**How to complete this task:** The result should be an exact copy of only the lines from the one with "Thumbnail: 2021 Jeep Compass - 9" through the last line of the data below, with pictures omitted.

**Dataset section:**

══════════════════════════════

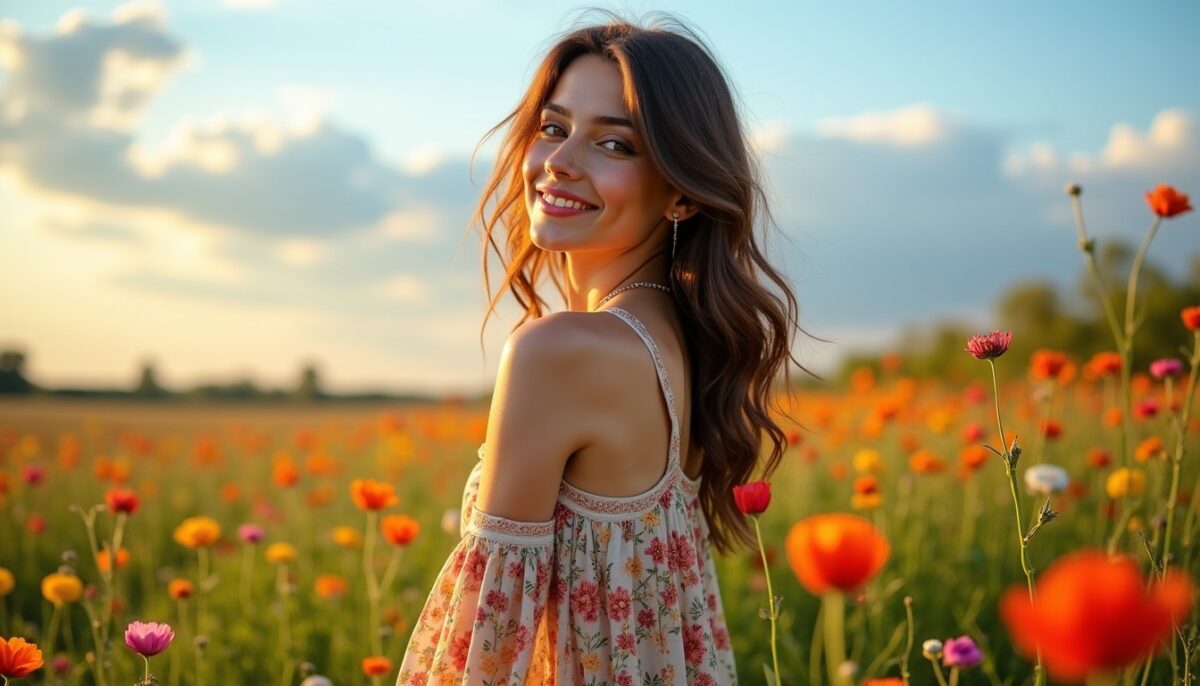 Guide pratique : Trouvez la robe bohème parfaite adaptée à votre silhouette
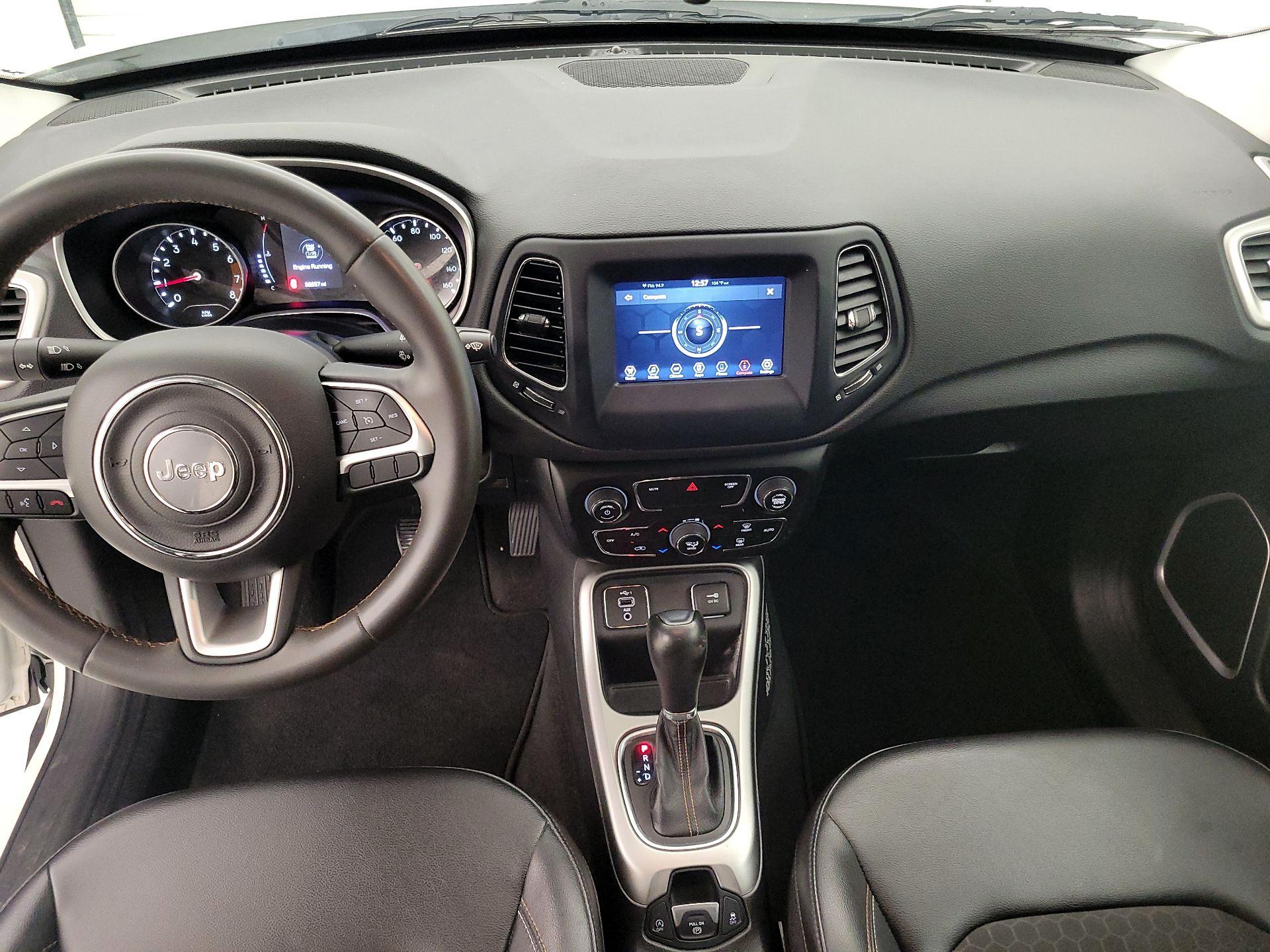 Thumbnail: 2021 Jeep Compass - 9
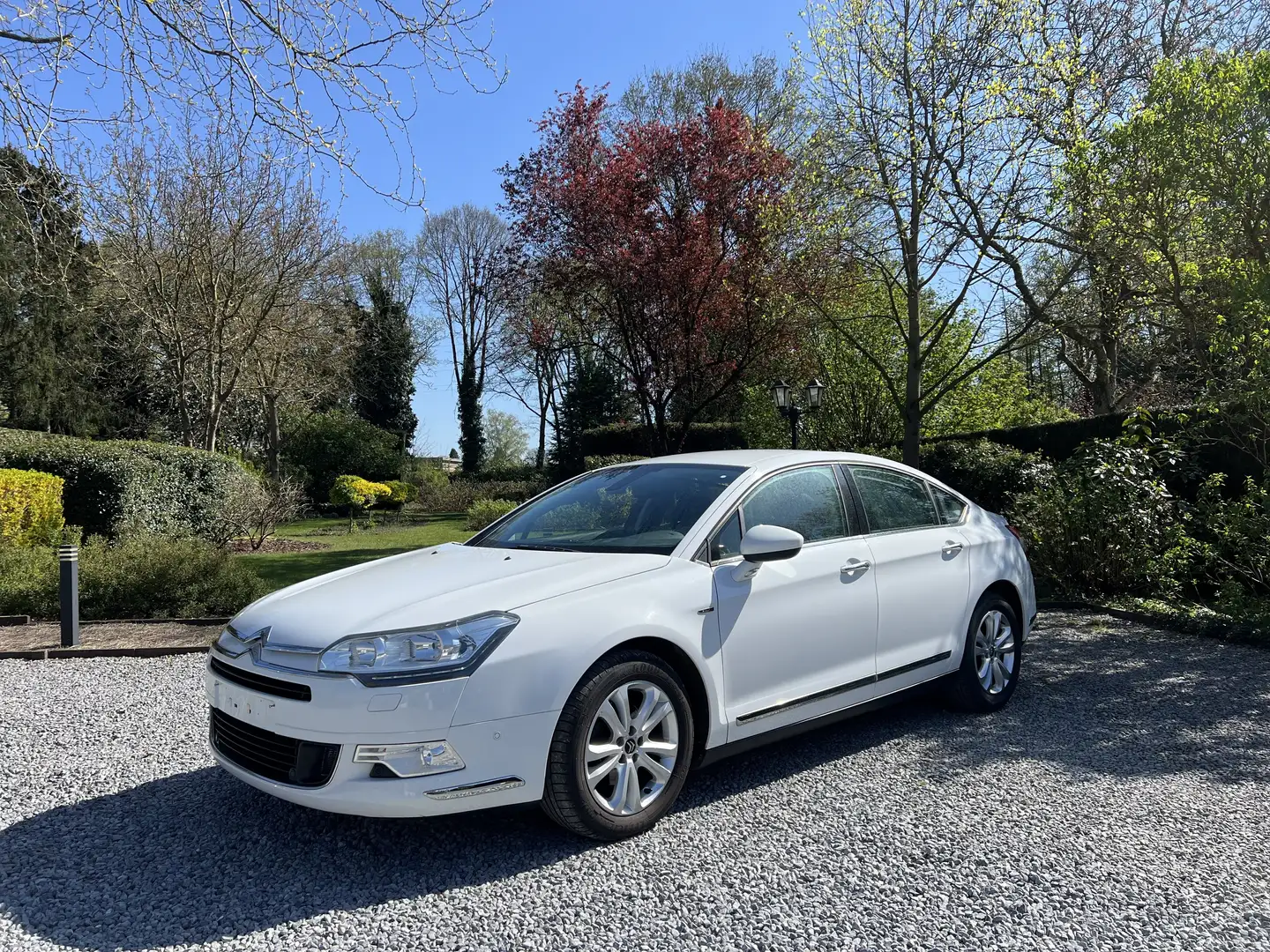 Citroen C5 THP 155 Exclusive 156pk 6V te koop. €7950 - 1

══════════════════════════════

**Solved exercise:**
 Thumbnail: 2021 Jeep Compass - 9
 Citroen C5 THP 155 Exclusive 156pk 6V te koop. €7950 - 1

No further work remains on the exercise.